Rebel Heiress by Jane Aiken Hodge

Rebel Heiress by Jane Aiken Hodge

Author:Jane Aiken Hodge
Language: eng
Format: epub
Publisher: Bloomsbury Publishing
Published: 2012-10-15T16:00:00+00:00


Chapter Ten

Alone, at last, in the sanctuary of her room, Henrietta sat for a while, quite still, hands close folded in her lap, defying the tears to fall. It was all too horrible for their easy solace. Charles Rivers and Lady Marchmont. Lady Marchmont and Charles Rivers. It had been there all the time, so obvious that she could not see it. Such an easy dupe as she had been; led by the nose; a convenient screen for their amours. How could she not have guessed? And yet, how could she have imagined anything so sordid? And, all the time, throbbing below her own pain and shame, exacerbating them almost beyond endurance, was her anguish for her father.

As she sat there, hating herself, she could hear carriages rolling away down the drive. Now that Lord Marchmont had gone, his political friends were leaving too. No wonder they did not stay; no wonder they tended not to bring their wives and daughters. How much did her father know? How much suspect? Something, of course. Why else had he returned home so unexpectedly only the other night and thus precipitated her disastrous engagement. If only she could hurry after him, catch him before he left, tell him the whole wretched story and beg him to take her with him, away from it all.

She could not do it to him. He had already refused, on good grounds, to take her with him. Nothing she said would change him now; it would merely mean that he went on his dangerous mission haunted equally by anxiety for her and by rage with his wife. It was all misery, all wretchedness together, and, in many ways, the worst of all was that try how she would she could not quite bring herself to hate Charles Rivers. When she reminded herself of how he had betrayed her, of how, even today, he had pretended to set her father on his way and then crept back to keep his shameful assignation with Lady Marchmont, she could not help remembering the warm pleading of his arm around her, the intoxication of his kiss. Admitting, now, that she had loved him at first sight, she could not resist the seductive argument that it must have been mutual. ‘Whoever loved that loved not at first sight?’

He had flung it at her that he would do his best to get himself killed.
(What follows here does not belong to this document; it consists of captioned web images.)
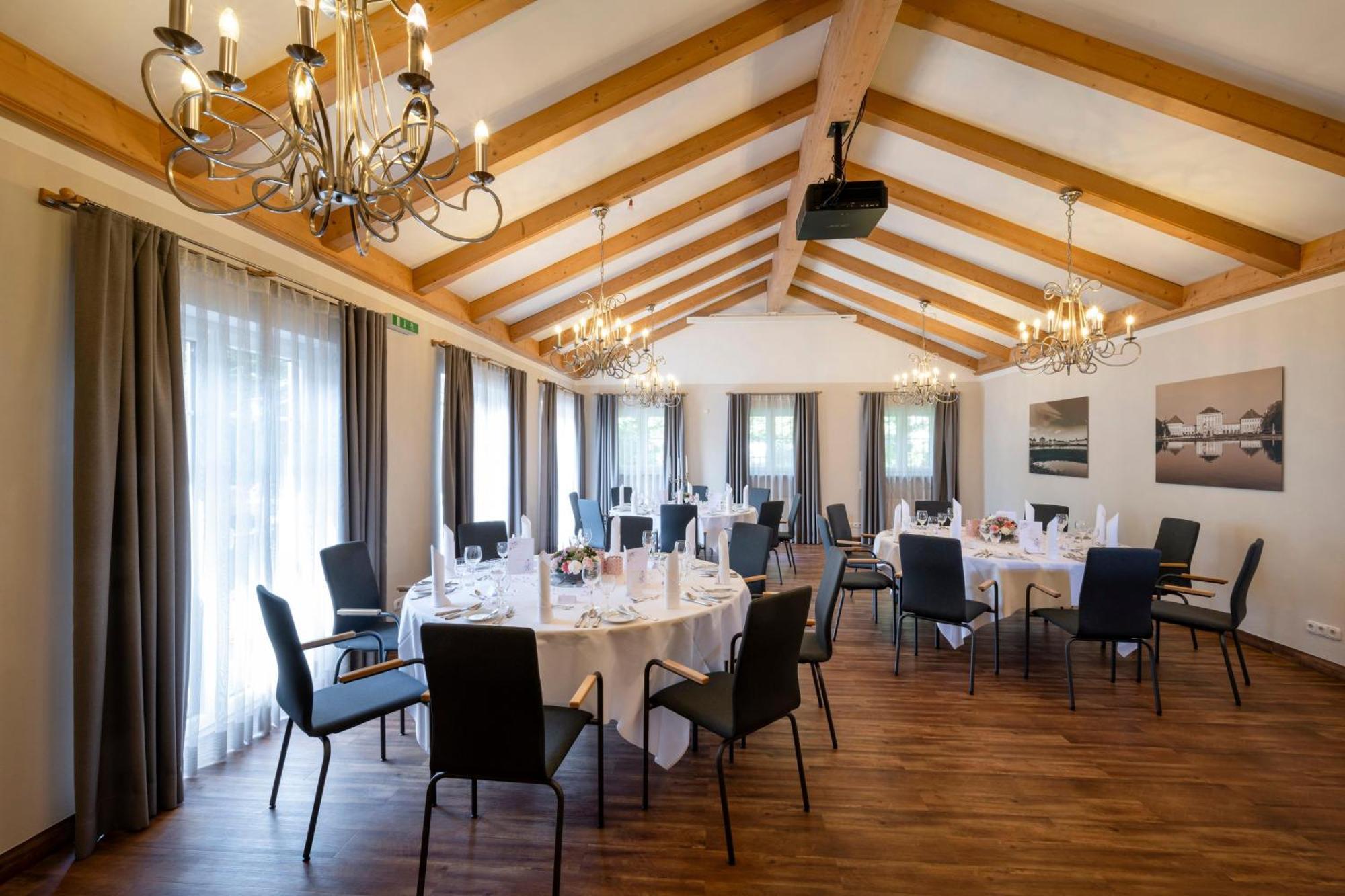 Best Western Plus Hotel Erb Vaterstetten Εξωτερικό φωτογραφία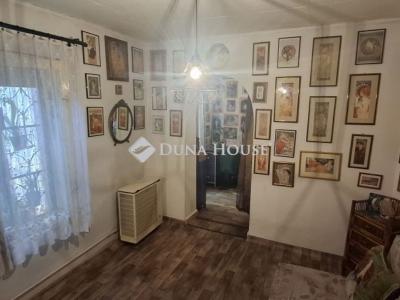 Eladó családi ház Budapest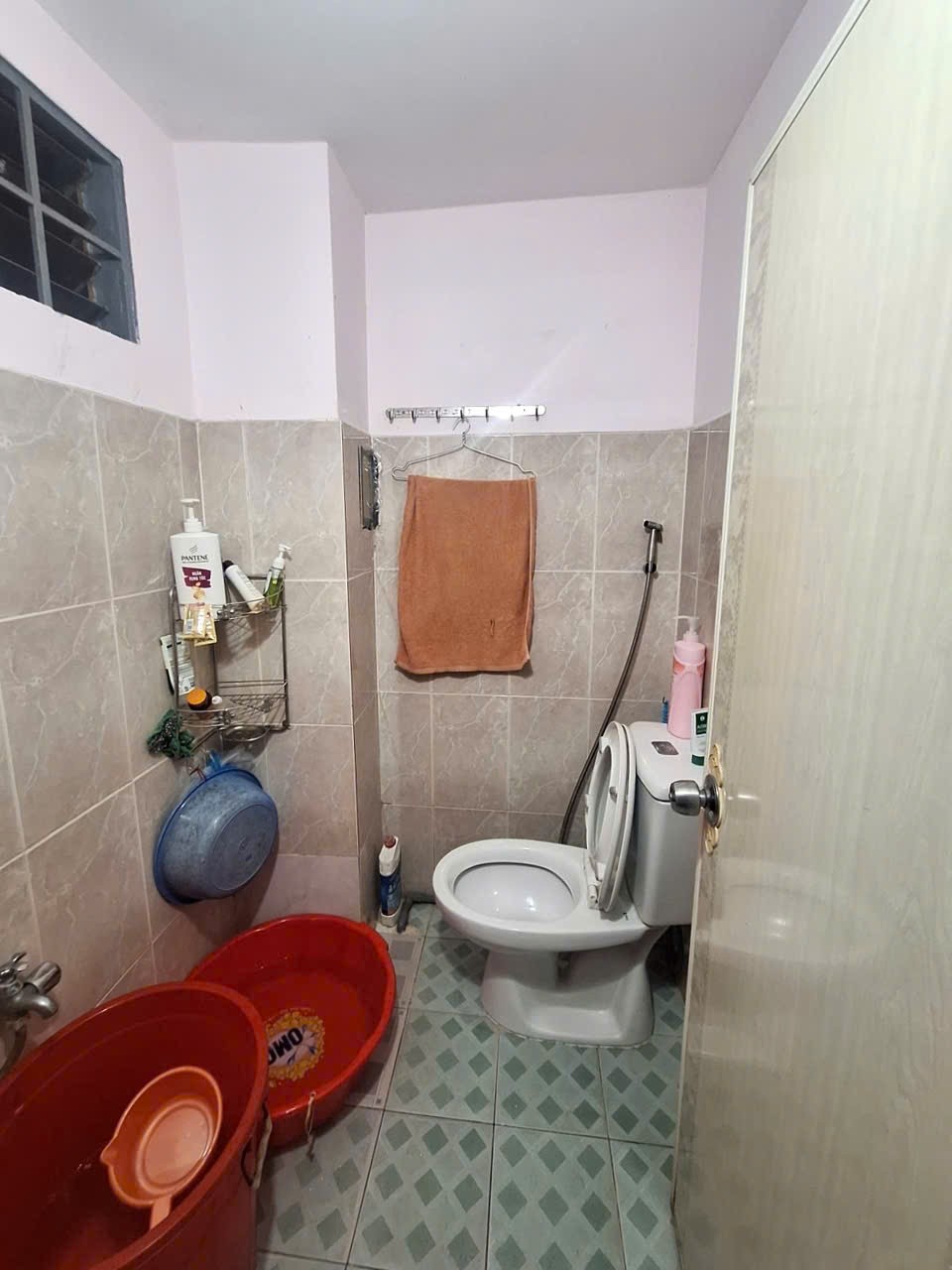 Nhà Mới ở ngay, Tăng Nhơn Phú B, Quận 9, Dt 40m2( 3 x 13 ), 2 tầng, chỉ 2.5ty 5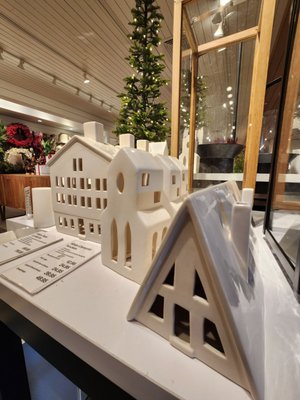 Crate & Barrel by null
She could not bear it; could not imagine facing the news, and her own responsibility for it. If it happened, she would never forgive herself. So — what to do? Having abandoned the thought of writing to her father, she began instead to compose a letter to Charles Rivers and found it just as impossible. The fifth illegible and much-crossed sheet had just joined its fellows in her waste-paper basket when a little scratching on her door heralded Lady Marchmont.

She was pale, but composed. ‘I know.’ She recognised Henrietta’s instinctive recoil. ‘You do not wish to speak to me; nor do I blame you, but, Henrietta, we must talk.